Contested Territory: America's Role in Southeast Asia, 1945–75 | National Humanities Center


Contested Territory: America’s Role in Southeast Asia, 1945–75

A National Endowment for the Humanities Summer Institute for K–12 Educators

July 16–27, 2018 at the National Humanities Center


What do we think of when we think of Vietnam? For many, Vietnam was and remains a war that haunts veterans, families, and politicians. But to think only of the “Vietnam War” overlooks a country and its story. In fact, many Vietnamese wonder why Americans are so preoccupied with the “American War”!

This NEH Summer Institute will explore modern Vietnam in order to situate the American War in broader spatial settings and longer historical contexts. Vietnam’s landscapes range from forests, over mountains, through fields, and downstream to river deltas. Vietnamese lives move from village to city, meander through cafes and rice paddies, cross oceans and land again. Many people called “Vietnamese” today did not even speak the national language until deep into the twentieth century.
This institute aims to introduce a fascinating place rich in history and to animate a geographic and historical perspective among participants. Based on a course developed by Christian C. Lentz from the University of North Carolina at Chapel Hill with assistance from the Carolina Asia Center, the institute offers teachers a chance to learn from Lentz and other scholar-experts about Vietnam and how to teach its history and geography.


Map by Amanda Henley, Hannah Recknow, and Christian C. Lentz

In the mid-twentieth century, Vietnam was fiercely contested on the ground and in the realm of ideas. In the aftermath of World War II, the country experienced no fewer than three wars, each of which pitted foreign powers (France, U.S., China) against Vietnam and Vietnamese against Vietnamese. Known by scholars as the Indochina Wars, the first two conflicts—between 1946–1954 and 1960–1975—were as much civil wars as wars against foreign domination. Understanding the reasons for foreign intervention, then, requires thinking carefully about the visions of Vietnam that motivated people to take up arms and, relatedly, to embrace one vision over another. Whether Vietnam would be divided or unified, communist or capitalist, national or transnational were questions that drove historic debates. They also sparked conflicts that, in many ways, continue into the present.

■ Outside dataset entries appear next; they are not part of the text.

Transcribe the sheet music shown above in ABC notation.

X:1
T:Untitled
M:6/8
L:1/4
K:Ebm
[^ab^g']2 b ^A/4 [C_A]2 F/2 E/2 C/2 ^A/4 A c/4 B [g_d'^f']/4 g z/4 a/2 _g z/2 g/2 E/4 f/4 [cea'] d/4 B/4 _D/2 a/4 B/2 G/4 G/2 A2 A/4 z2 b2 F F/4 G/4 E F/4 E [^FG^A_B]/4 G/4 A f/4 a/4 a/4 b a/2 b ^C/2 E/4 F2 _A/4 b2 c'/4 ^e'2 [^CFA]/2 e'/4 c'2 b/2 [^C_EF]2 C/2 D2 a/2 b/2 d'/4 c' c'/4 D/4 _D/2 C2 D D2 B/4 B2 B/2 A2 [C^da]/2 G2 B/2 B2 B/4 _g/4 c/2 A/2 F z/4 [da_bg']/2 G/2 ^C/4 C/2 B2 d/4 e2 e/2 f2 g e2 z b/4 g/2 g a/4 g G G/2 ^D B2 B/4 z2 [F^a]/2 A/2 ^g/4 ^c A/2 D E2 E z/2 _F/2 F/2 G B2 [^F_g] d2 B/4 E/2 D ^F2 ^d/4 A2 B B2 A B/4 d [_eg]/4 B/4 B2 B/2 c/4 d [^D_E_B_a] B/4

Inspired by cutting-edge scholarship, the institute offers fresh insight into a country all too often viewed from the perspective of American interests and experiences. The theme and title are based on a book by Christian C. Lentz forthcoming in 2019 from Yale University Press. Based on archival and ethnographic research, Contested Territory: Dien Bien Phu and the Making of Northwest Vietnam excavates the hidden history of a world-historic place and tells a new story about nationalism, territory, and state formation. It views Vietnam from the perspective of a historic borderland where an epic battle in 1954 ended French colonial rule. Doing so opens new vistas on the country’s cultural and ethnic diversity, varied environments and agriculture, as well as rich traditions and everyday customs. The approach cuts a clear path through conventional, yet still contested, representations of war, nation, and memory. Further, it reframes the American intervention as but one of many contests in and over Vietnam.
Led by scholars with a wide range of disciplinary expertise, the institute builds an inter-disciplinary understanding of a place rich in history. It also engages teachers with a past still very much relevant to our present.

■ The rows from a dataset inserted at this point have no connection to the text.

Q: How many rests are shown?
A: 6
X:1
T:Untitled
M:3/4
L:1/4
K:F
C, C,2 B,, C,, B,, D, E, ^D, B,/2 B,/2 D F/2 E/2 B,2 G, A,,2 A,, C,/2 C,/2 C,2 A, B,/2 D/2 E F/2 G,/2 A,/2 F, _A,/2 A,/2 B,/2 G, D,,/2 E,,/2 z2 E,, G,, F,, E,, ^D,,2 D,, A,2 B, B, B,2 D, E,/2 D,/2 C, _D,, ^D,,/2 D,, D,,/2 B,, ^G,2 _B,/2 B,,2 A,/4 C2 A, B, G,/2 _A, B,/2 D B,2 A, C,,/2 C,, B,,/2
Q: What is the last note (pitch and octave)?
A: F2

Contested Territory: America’s Involvement in Southeast Asia, 1945–1975 explores worlds transformed through radical social change and the tense relations it produced. The full value of this work, though, is the way in which we will consistently set it against the current dominant understanding of why and how America arrived in Vietnam during the Truman administration. While on the surface this expanded timeline might seem localized and outside of the margins of secondary level curriculum, our goal is to explore and counterbalance the linear narrative that most teachers follow of Kennedy, Johnson, Tet, Nixon and the fall of Saigon. Only through this immersive understanding of the complex human and cultural geography of southeast Asia can teachers begin to lead students on an investigation of the cause and effect of the global dynamic—and to have humanities-based resources and materials available to draw evidentiary conclusions.